# Do Bruder trucks hold up? Are they worth the $$?



## Biscuits & Gravy (Jul 17, 2008)

DS will be 2 next month. He is obsessed with trucks. We were at a store today and he discovered a Bruder excavator. I had to drag him kicking and screaming out of the store, our first really bad public tantrum! He keeps talking about that "digger", saying "Keller, happy birthday, digger." (We went to a birthday party yesterday and I think he connected that birthday=presents for the first time.)

The truck was actually pretty reasonable, $25, which looks like a good deal now that I'm looking at them online. But finances are super tight right now and I need every gift this year to be worth the money we spend on it. I don't want to spend $25 on a truck that will break easily.


----------



## mamadelbosque (Feb 6, 2007)

DS1 got a bruder dump truck & trailer for either his 2nd xmas or 2nd birthday , I honestly forget which... in anycase, its been played with a good bit and still looks almost brand new (and would if I sprayed it off, I think... its lived outside all summer...).

But, to be perfectly honest, DS1 has a dump truck by Green Toys which I think is *MUCH* sturdier. The plastic on that thing is just thick and obviously built to last, as are a couple of trucks by Little Tikes that I've picked up from the goodwill. the bruder always seemed kinda thin to me, though, as noted previously its still in good shape (though its also never been his favorite truck, unlike the aforementioned GT dump truck..)


----------



## HappyMommy2 (Jan 27, 2007)

I was pretty excited to find a bruder cement mixer last year for credit card rewards points. I had heard they were super tough, and was excited not to spend the $60-$80 on one! I had read reviews of multiple kids playing and even riding on them, and the trucks were still going strong after years.

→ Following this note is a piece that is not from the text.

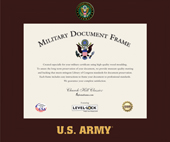 United States Army certificate frame - Spectrum Wall Certificate Frame in Expo Cherry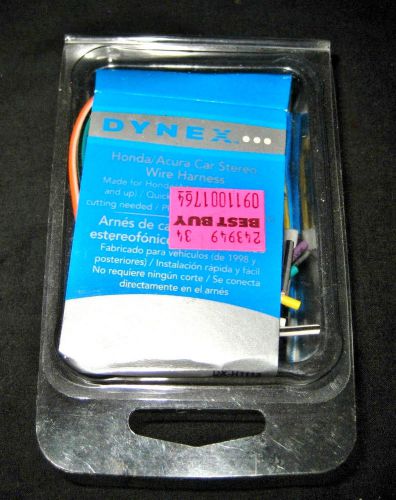 New nib dynex acura/honda car stereo wire harness 1998 to present dx-h1112 box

BUT ... a few pieces were broken in shipping, and several more have fallen off since then. They try to make them so real, that the little parts like side mirrors get broken. Or maybe the credit card ones are made more cheaply. Or maybe they just aren't as good as they used to be. I'm not sure, but I was sure disappointed.

Although, $25 seems like a great deal, so I don't know!!


----------



## Biscuits & Gravy (Jul 17, 2008)

We saw this one at Home Goods. They had a bunch, including recycle trucks, fire trucks, cement mixer, and a logging truck. Then the excavator of course, which comes with a dump truck in the set. They are a little smaller than the others.

I think he is drawn to how real they look. We have a Tonka recycling truck that DS1 got last year, and it gets played with daily. We have other trucks, like a Sprig dump truck, that don't look as realistic and neither of them really reach for those. They fight over the Tonka one though.


----------



## Polliwog (Oct 29, 2006)

Those sound like the ones we got from Marshalls last year. I had a gift card and bought three of them. Two broke before Christmas weekend was over. The third didn't last much longer. I don't think they are the same quality as the Bruders my kids play with a the toy store.


----------



## waiting2bemommy (Dec 2, 2007)

I had to look it up online because I pay no attention to the brand names on my kids' toys. But yes, ds has had several of those and they have held up fine. He has a habit of chewing the wheels off of his cars/trucks (and yes, he's 3, and no he doesn't choke on them, I don't know why he does it) so mainly I look at how sturdy the rubber tires are, kind of like having a puppy, lol. I can say almost without exception that the only toys that have withstood the "chew test" are these trucks and tonka.

However I would NEVER pay full price for one of those trucks. We have a local flea market that sells gigantic, almost ride-on size tonka trucks for under $15. And, I find that the tonka trucks withstand outdoor abuse much better than the bruder ones. I think the bruder ones are more prone to the paint chipping off and they get scratched/dinged up more easily. ds has a whole fleet of trucks.....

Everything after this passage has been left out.